Activity
Output, word for word and without pictures, the lines from the one containing "ROLL UP XTREME" through the final line of the listing below.
== Segment start ==
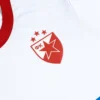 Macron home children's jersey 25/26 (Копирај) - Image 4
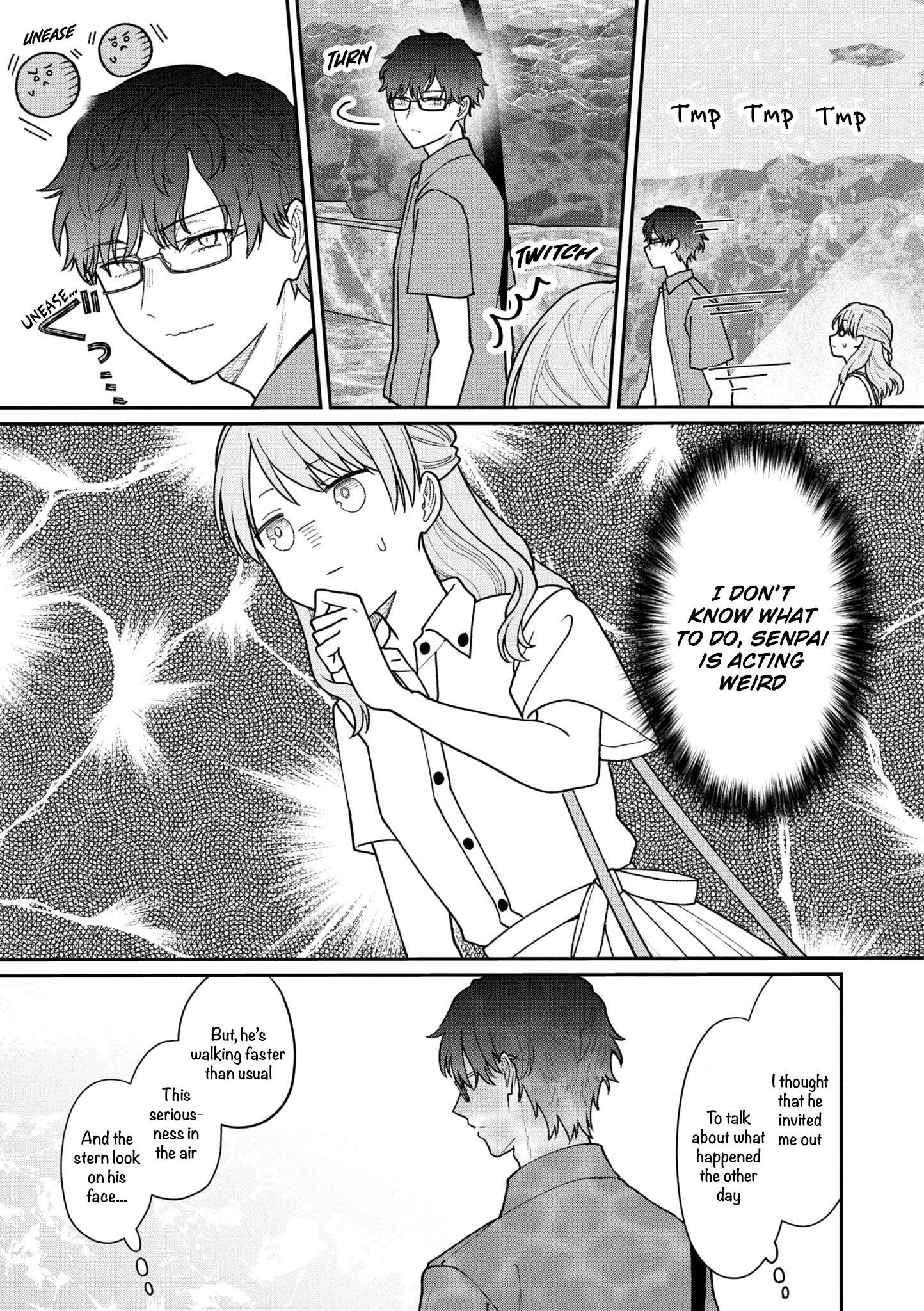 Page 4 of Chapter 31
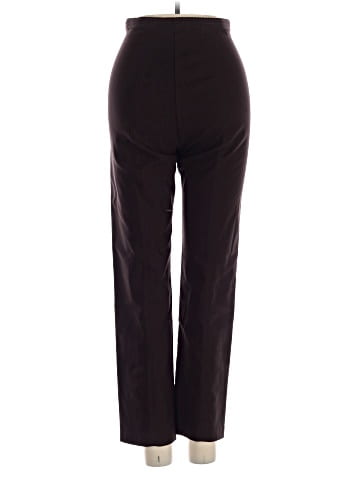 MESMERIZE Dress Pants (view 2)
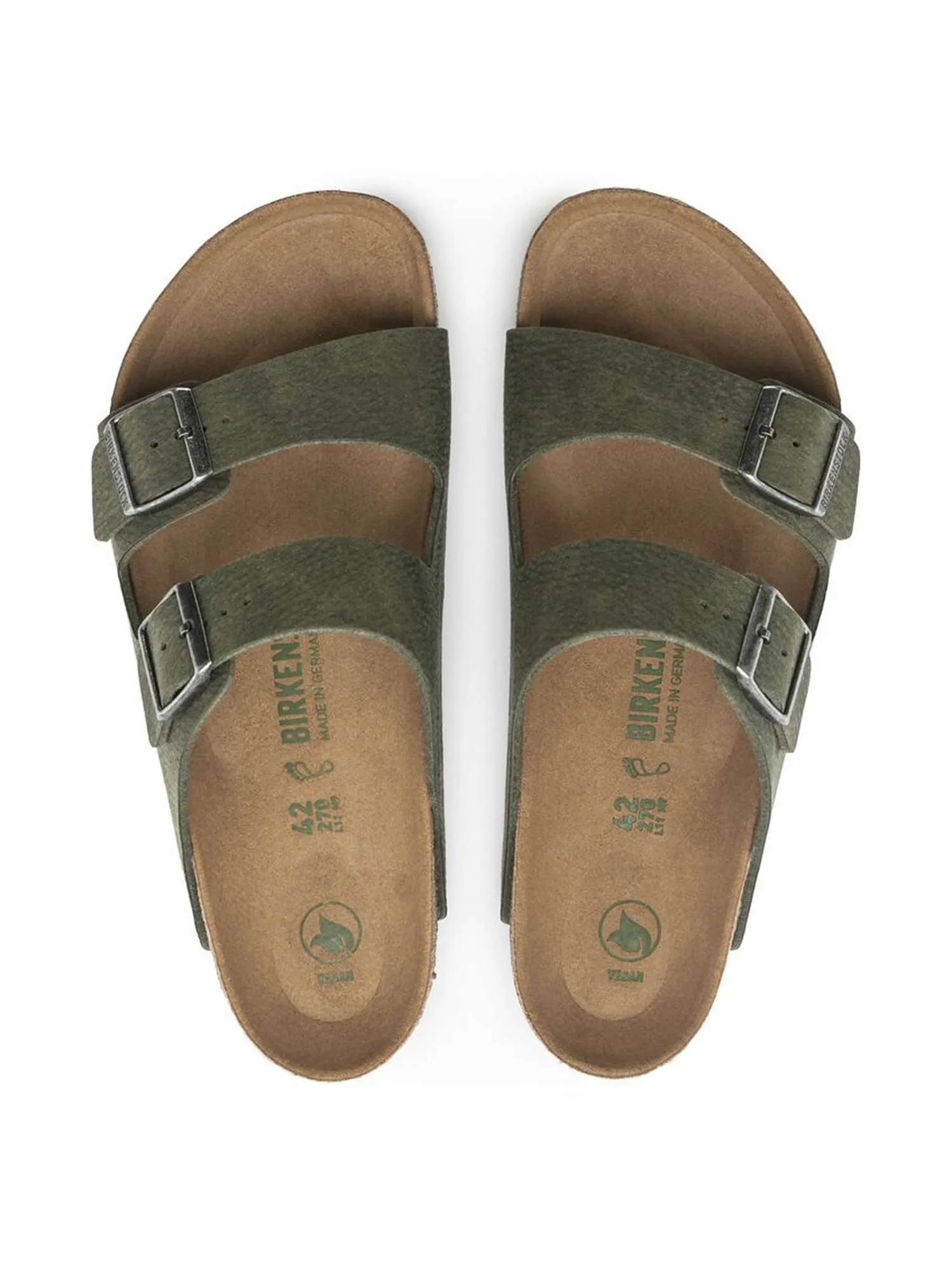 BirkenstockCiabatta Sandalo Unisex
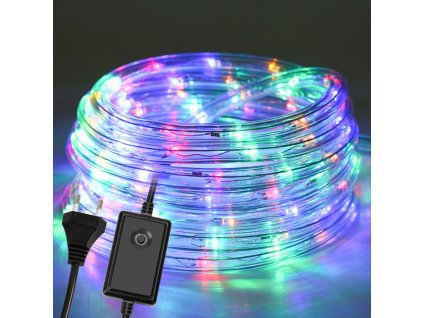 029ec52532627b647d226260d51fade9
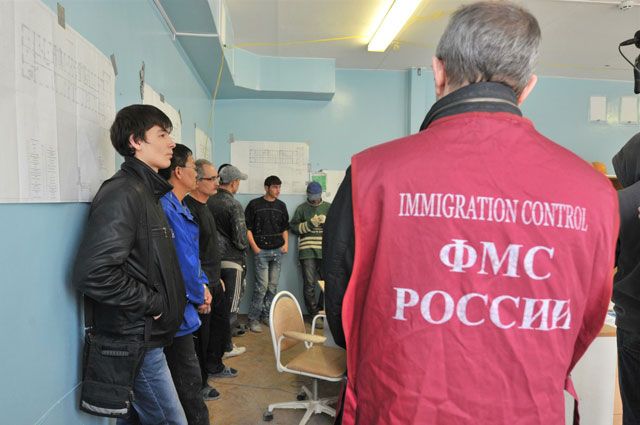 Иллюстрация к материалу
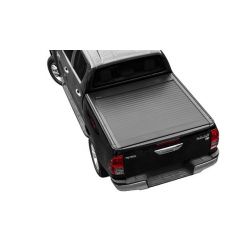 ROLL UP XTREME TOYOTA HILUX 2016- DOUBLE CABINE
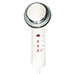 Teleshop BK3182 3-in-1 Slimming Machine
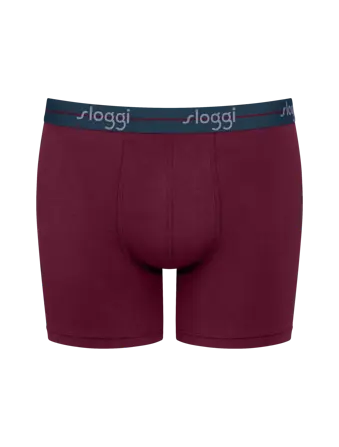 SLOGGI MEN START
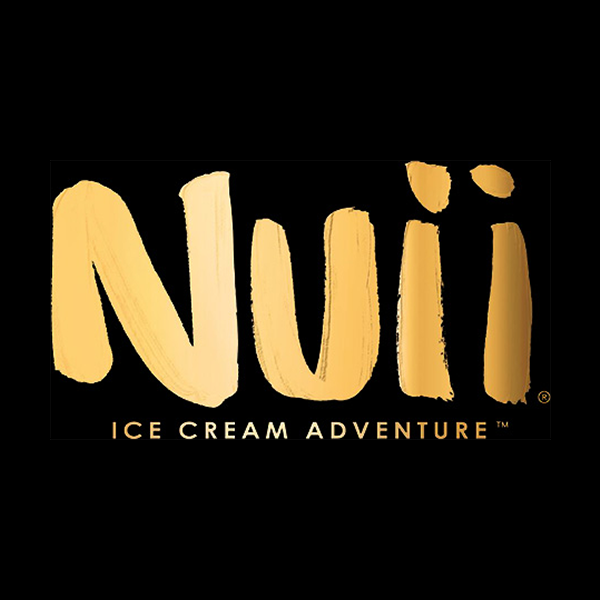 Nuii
== Segment end ==
Exercise result
 ROLL UP XTREME TOYOTA HILUX 2016- DOUBLE CABINE
 Teleshop BK3182 3-in-1 Slimming Machine
 SLOGGI MEN START
 Nuii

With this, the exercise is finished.